Another time my son and two friends were playing. They were getting along so well, I barely noticed they were around.......until.......the dreaded quiet kicked in and I rushed to find the source. I was especially panicked this time because when I went to the bedroom where they were playing, they were nowhere to be found! But I heard giggling and opened up the closet. There sat three little sneaks, with a bottle of Tums, and each of them had suspicious, chalky substance around their mouths. I'm not sure how many they ate, but all I kept thinking was thank God it was just Tums!
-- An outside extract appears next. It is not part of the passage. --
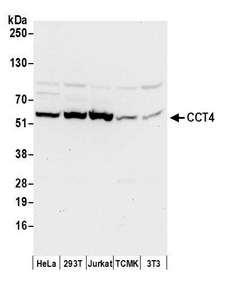 CCT4 / SRB Antibody - Detection of human and mouse CCT4 by western blot. Samples: Whole cell lysate (50 µg) from HeLa, HEK293T, Jurkat, mouse TCMK-1, and mouse NIH 3T3 cells prepared using NETN lysis buffer. Antibodies: Affinity purified rabbit anti-CCT4 antibody used for WB at 0.1 µg/ml. Detection: Chemiluminescence with an exposure time of 10 seconds.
When my daughter was in preschool she had a "playdate" with another child and a good friend after school. My friend and I enjoyed the afternoon kid-free and returned a few hours later to collect our offspring. Nothing seemed amiss until several hours later when my friend called me. "Have you given Hannah a bath yet?" she asked. "Um, no.....why?" I replied. "Well," she said, "you might want to strip her down!" I lifted Hannah's shirt and her entire stomach was blue. Indelible, Magic Marker blue to be exact! Apparently the girls had acquired a marker and used it to draw all over each others' bodies (but, cleverly, only where clothing concealed it). Same with the arms and legs - completely covered in blue scribbles! That one took DAYS, and many baths, to get rid of.
When my oldest daughter was a pre-teen, she had a friend over to "do makeovers". The friend left with swollen red eyes. Let me explain. In an effort to look "really pretty" my daughter had mistaken gold sparkly nail polish for eyeshadow and painted her friend's eyes. When we discovered the mistake, we attempted to remove it with polish remover, and, well.......let's just say her friend had very sensitive skin. That was fun to explain to her mom.
Once, when my son was home with me in his preschool years, he was playing by himself in his room and I was enjoying the rare peace that comes with NOT having a small child glued to my leg. It got very quiet so I went to check it out and found him asleep on the toilet, folded in half, chest on his legs and balancing precariously on the porcelain throne. Did I rush to save him from what would have been a painful (and shocking) fall? I did not. I grabbed my camera and now have, in my possession, a treasure to share with his future girlfriends, or perhaps include in a photo montage at his wedding.
Not too long ago, I was going through some old videos in an attempt to make sense of the miles of VHS tape we have documenting our children's young lives, when I came across a whole series of newscasts filmed in my eldest child's bedroom and starring each of my kids as reporter, meteorologist, field reporter, and the like. They had even set up a "news desk" and made signs. I have no idea when this happened. Obviously once when it was very, very quiet.
So, beware, parents! Your kids have secret lives! That, or we're just really clueless. But, if by chance things become really quiet in the midst of chaos, you should probably check it out. It might be the photo op of the decade!